**Description of the task:**
Exact copy, pictures excluded: write out every line below.

------ The data

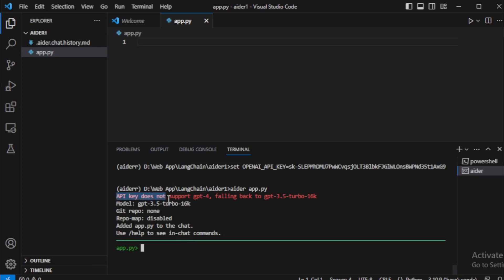Using command AIDR app.py. API key does not support GPT-4, falling back to GPT-3.5-Turbo 16K.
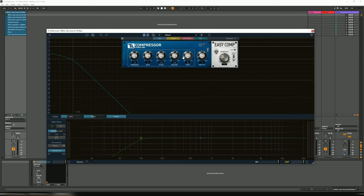So as you can see on screen, TL Multicomp is quite an attractive looking compressor. And essentially it's split into two modes, if you like. Hence the multi. So on the left here, in the blue section, we have...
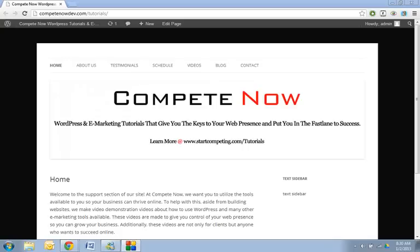This is another tutorial provided by CompeteNow, WordPress and marketing tutorials that give you the keys to web presence. Learn more at startcompeting.com/tutorials. You can also subscribe to the channel or sign up to our newsletter for more.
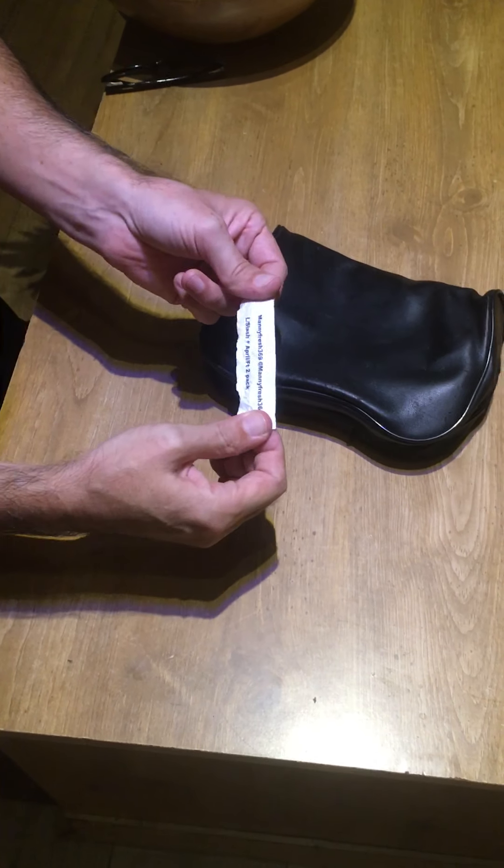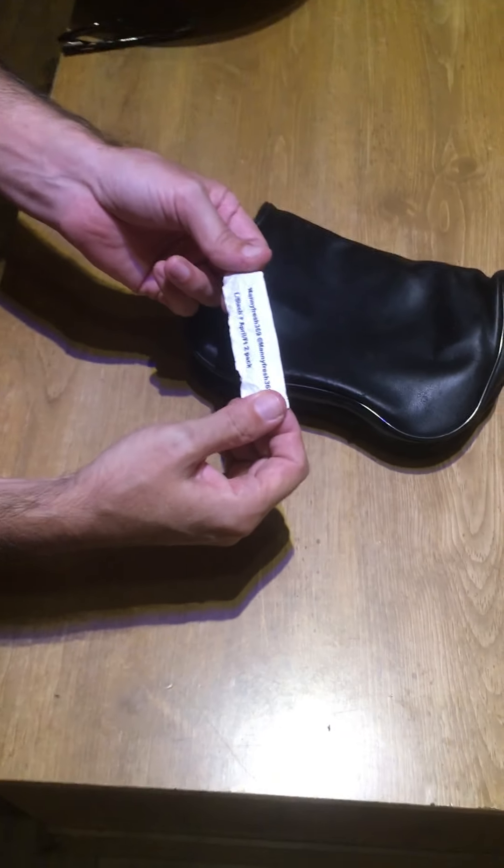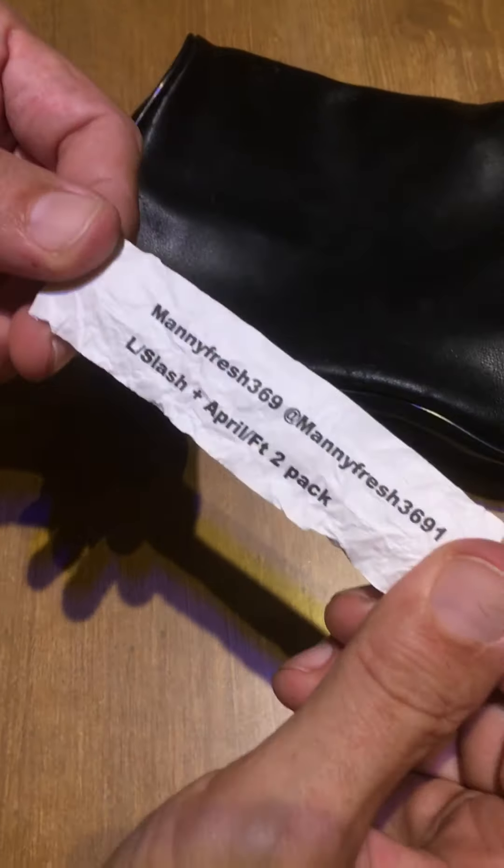First one. Manny Fresh, Leather and Slash, 8.1 foot soldier, 2 pack.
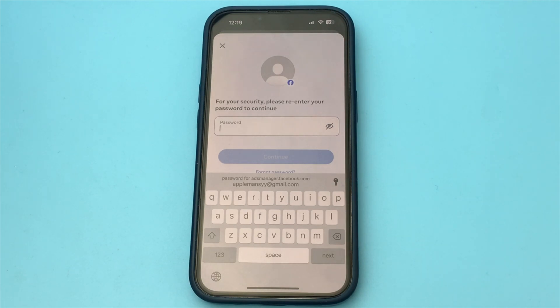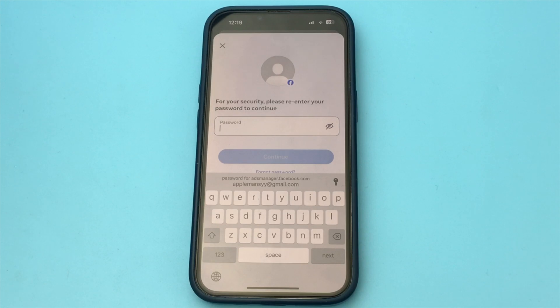And after all these steps, we completely log out of our Facebook, and as soon as we log back into our account, our account is activated. As you can see, it's a very simple and quick way. Done. There is nothing complicated.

------------

**Expected answer:**
Using command AIDR app.py. API key does not support GPT-4, falling back to GPT-3.5-Turbo 16K.
So as you can see on screen, TL Multicomp is quite an attractive looking compressor. And essentially it's split into two modes, if you like. Hence the multi. So on the left here, in the blue section, we have...
This is another tutorial provided by CompeteNow, WordPress and marketing tutorials that give you the keys to web presence. Learn more at startcompeting.com/tutorials. You can also subscribe to the channel or sign up to our newsletter for more.
First one. Manny Fresh, Leather and Slash, 8.1 foot soldier, 2 pack.
And after all these steps, we completely log out of our Facebook, and as soon as we log back into our account, our account is activated. As you can see, it's a very simple and quick way. Done. There is nothing complicated.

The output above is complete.